The next couple of weekends are going to be a big deal in Quincy, and may I suggest making plans to be a part of the goings-on?
On Friday and Saturday, the Grand Prix of Karting returns to South Park, followed by the 14th annual Quincy Optimist Club Soap Box Derby on June 15 and 16.
For starters, let's talk a little about the Grand Prix. For many, the Grand Prix will be like the return of an old friend. The event was discontinued 17 years ago, but Terry Traeder, son of the late Gus Traeder, who founded the original event, felt it was time to resurrect this showcase of speed and community involvement.
I'd have to say Terry was correct when he felt the Quincy area was ready for its return.
The response to the rebirth of the Grand Prix has been, in a word, tremendous. You will see about 250 karters from at least 11 states.
Coupled with the guaranteed on-track excitement covering 14 different classes will see South Park transformed into a county fair type of atmosphere.
"Gus will love this," Terry said. "Dad is buried right across the street from South Park in Greenmount Cemetery ... and I know he'll be watching."
When Gus was laid to rest a couple of years ago, the funeral procession took a lap around the South Park course in his honor.
The Grand Prix was that big of a deal once upon a time, and judging by the plans that are unfolding for this year's return, it might eventually become bigger than before.
Along with all the people, tents and concessions, there will be a 2018 Indy Car on loan from Gateway Motorsports Park in St.
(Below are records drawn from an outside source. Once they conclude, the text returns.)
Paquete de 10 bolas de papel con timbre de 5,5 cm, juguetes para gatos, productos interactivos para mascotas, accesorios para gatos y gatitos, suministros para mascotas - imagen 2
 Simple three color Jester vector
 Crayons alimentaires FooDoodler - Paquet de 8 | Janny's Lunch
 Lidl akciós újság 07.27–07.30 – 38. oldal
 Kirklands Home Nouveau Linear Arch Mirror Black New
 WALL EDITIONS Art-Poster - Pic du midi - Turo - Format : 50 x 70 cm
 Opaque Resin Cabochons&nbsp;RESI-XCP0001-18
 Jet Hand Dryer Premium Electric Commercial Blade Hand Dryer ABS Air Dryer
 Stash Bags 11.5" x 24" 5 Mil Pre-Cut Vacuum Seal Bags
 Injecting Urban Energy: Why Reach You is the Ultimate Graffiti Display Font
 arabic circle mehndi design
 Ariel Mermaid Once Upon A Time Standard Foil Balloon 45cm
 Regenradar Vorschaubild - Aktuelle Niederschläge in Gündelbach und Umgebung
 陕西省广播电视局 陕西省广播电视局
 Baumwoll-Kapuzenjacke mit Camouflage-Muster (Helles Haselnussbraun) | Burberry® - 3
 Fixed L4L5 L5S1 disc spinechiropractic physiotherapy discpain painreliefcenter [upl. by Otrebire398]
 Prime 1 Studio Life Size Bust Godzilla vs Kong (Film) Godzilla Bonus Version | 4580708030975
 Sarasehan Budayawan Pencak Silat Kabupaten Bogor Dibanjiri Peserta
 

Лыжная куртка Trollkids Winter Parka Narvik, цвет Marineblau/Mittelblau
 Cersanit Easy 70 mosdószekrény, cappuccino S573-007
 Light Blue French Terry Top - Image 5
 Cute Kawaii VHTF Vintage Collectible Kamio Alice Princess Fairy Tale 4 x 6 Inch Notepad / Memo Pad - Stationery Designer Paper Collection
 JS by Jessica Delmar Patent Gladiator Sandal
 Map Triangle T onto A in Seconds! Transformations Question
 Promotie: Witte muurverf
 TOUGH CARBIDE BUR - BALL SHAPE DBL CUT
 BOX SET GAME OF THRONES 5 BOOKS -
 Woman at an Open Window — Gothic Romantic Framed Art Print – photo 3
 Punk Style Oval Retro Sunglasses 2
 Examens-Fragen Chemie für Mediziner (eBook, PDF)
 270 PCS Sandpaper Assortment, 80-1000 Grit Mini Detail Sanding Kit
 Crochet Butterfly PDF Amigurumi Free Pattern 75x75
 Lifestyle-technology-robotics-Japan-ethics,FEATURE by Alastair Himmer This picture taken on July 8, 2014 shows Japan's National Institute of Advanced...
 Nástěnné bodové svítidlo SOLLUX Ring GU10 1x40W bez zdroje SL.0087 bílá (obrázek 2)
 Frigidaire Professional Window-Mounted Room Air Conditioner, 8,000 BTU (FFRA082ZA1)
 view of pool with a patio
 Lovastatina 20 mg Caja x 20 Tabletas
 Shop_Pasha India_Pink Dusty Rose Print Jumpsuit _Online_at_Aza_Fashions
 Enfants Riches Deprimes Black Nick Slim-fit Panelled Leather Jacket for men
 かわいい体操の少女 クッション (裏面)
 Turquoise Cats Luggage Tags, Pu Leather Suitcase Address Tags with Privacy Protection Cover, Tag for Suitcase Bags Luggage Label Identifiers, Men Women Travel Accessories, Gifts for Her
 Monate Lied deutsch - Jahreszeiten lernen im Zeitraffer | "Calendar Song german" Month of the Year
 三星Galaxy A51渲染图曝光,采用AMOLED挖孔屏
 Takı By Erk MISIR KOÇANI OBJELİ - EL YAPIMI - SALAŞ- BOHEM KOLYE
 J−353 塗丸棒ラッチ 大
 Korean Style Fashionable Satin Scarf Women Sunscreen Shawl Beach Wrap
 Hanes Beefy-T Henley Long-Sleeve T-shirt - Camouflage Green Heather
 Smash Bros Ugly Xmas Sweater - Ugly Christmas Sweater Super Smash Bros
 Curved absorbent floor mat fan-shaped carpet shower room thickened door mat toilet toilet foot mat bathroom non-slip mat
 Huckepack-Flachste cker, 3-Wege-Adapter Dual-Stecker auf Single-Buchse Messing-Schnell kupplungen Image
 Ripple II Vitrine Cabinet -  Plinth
Louis that will be displayed at south end of the park.
The Grand Prix also will be livestreamed on YouTube, thanks to help of a production crew from Culver-Stockton College headed by Brian Kroeger.
Yeah, the Grand Prix is going to be a big deal and should become even bigger in the years to come.
Following on the heels of the Grand Prix will be another warm-weather event the Quincy area should also be proud of -- the Soap Box Derby. The Quincy derby is now the largest in the nation outside of the All-American Soap Box Derby in Akron, Ohio.
This year's derby will shatter its participation record, likely with more than 200 participants, including somewhere between 80 and 100 in the Special Kids division.
The Special Kids races have truly made this event -- for lack of a better word -- special. The Special Kids are those entrants who have some type of disability, and to say the community -- and sponsors -- have come to their support would be a major understatement.
It is both heartwarming and rewarding to see what they experience being a part of this marvelous event on Derby Hill near Bob Mays Park.
Both the Grand Prix of Karting and the Soap Box Derby deserve your support. Neither will cost you anything to attend except some time, and it will be time well spent.